JF.G: Donc, justement, il faut parler du rôle d'Oriflam, qui est au départ éditeur de jeux de rôles, qui a repris l'anthologie Chaosium et qui a déjà dix recueils, des recueils sur différents auteurs qui ont continué le mythe, je pourrais citer Kuttner, et Bloch. Cet éditeur contribue depuis déjà deux ans à renouveler la vision qu'on a de Lovecraft. Je vais parler de moi-même…

Y.L: Non, on va pas te laisser parler de toi !

JF.G: Ah bon, tu veux pas ?

C.T: J'aimerai glisser une toute petite seconde de pub, je n'ai aucun rapport avec Oriflam, à part que ce sont des gens apparemment adorables, je pense qu'on peut conseiller aux gens qui nous écoutent et qui savent pas ou qui n'ont pas lu Lovecraft, qui voudrait savoir ce que c'est de la fiction lovecraftienne contemporaine, d'aller dans leur librairie, dans leur FNAC, où ils veulent, ça se trouve partout maintenant…

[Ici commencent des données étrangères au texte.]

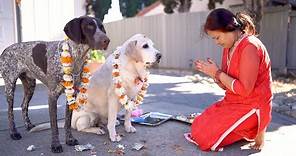 The Dog Festival | Kukur Tihar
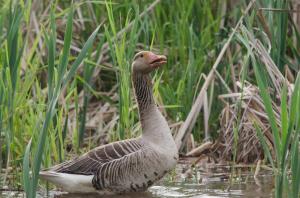 Серый гусь (Anser anser)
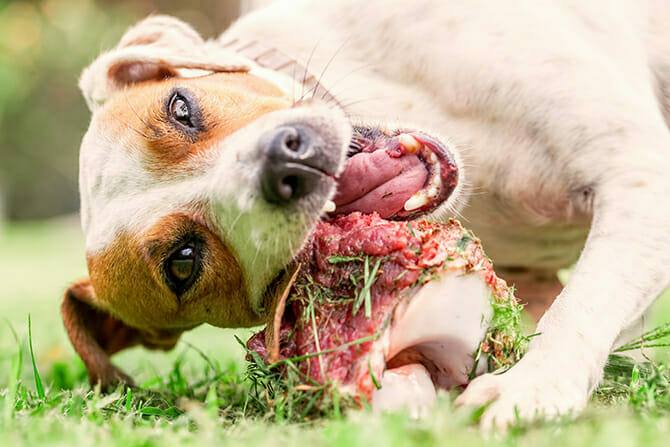 Hundeernährung Ausbildung - Jack Russel Hündin kaut auf großem rohen Knochen auf Wiese
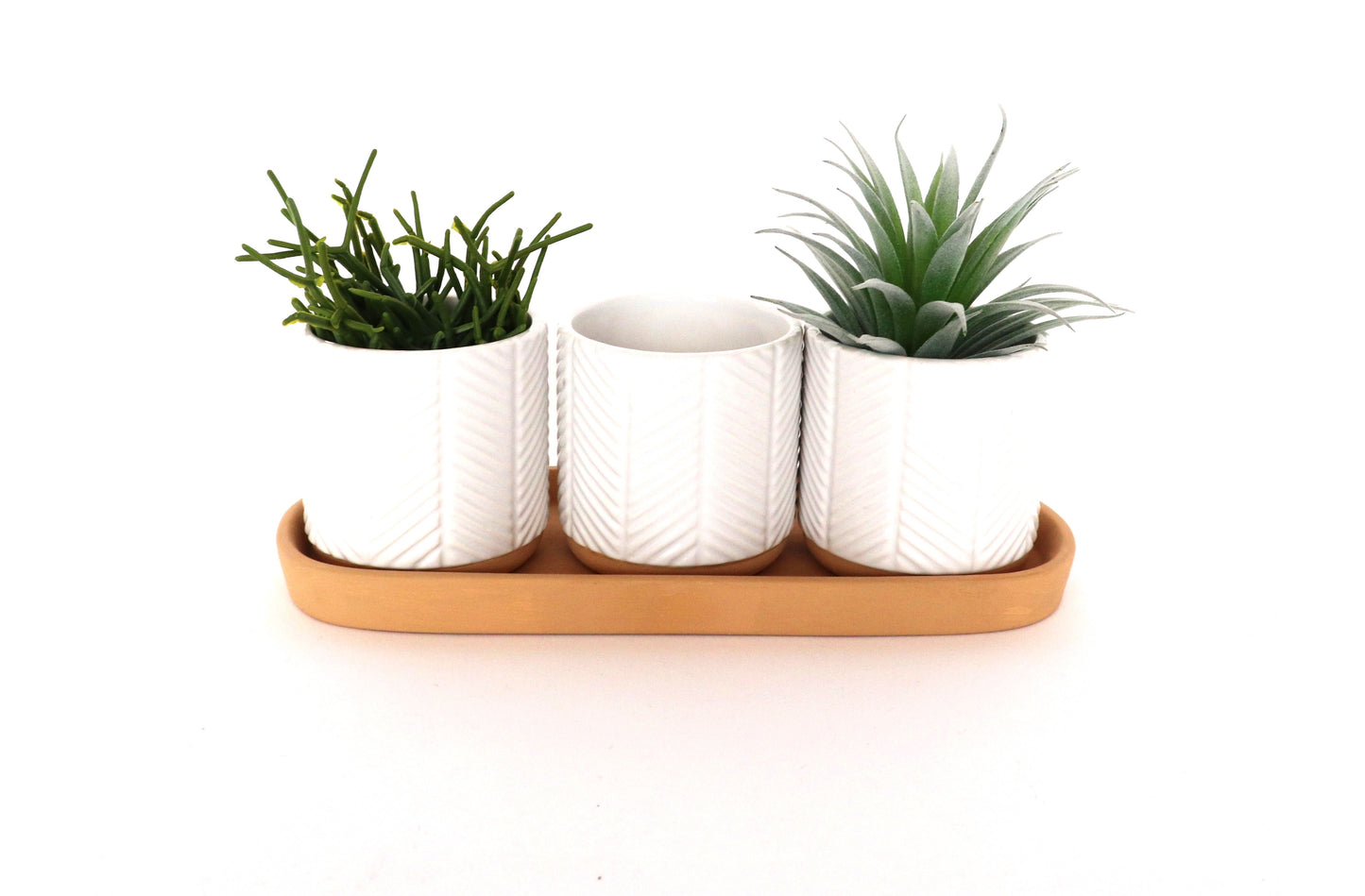 Zari Urban Planters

Y.L: Une FNAC, ça n'est pas une librairie, tu as bien fait de faire la différence !

C.T: D'acheter Les Disciples de Cthulhu, anthologie éditée par Paul Berglund aux États-Unis, et traduite par des gens chez Oriflam, et qui contient quelques très bons textes comme par exemple “ Obscur est mon nom ”, de Eddy Bertin. On n’y retrouve pas un seul dieu lovecraftien, mais on y retrouve tout ce qu'il faut.

Y.L: Alors, revenons aux productions Oriflam en sachant que, à défaut de français, il y a des continuateurs européens, et un continuateur européen, qui s'appelle Wolfgang Hohlbein. Jean-François, si tu es là ce soir, ce n'est pas seulement pour animer une émission autour de Lovecraft, c'est parce que tu es, en connaissance de cause, un traducteur de Lovecraft, et à savoir de ce texte-là. Alors comment on traduit du Lovecraft ? On est obligé d'avoir des références ?

JF.G: C'est pas du Lovecraft. Le livre, il s'appelle Le Mage de Salem, on peut pas dire que ce soit du Lovecraft. Les spécialistes diraient que c'est une série de Dark Fantasy à arrière plan lovecraftien.

Y.L: On n'est pas fauché avec ça !

JF.G: Comment on en arrive là ?

Y.L: J'ai pas dit “ comment on échouait à ce genre de chose ”, j'ai dit simplement : on a besoin d'une certaine culture lovecraftienne, ou même de la Dark Fantasy pour rédiger ce genre de chose, je pense ?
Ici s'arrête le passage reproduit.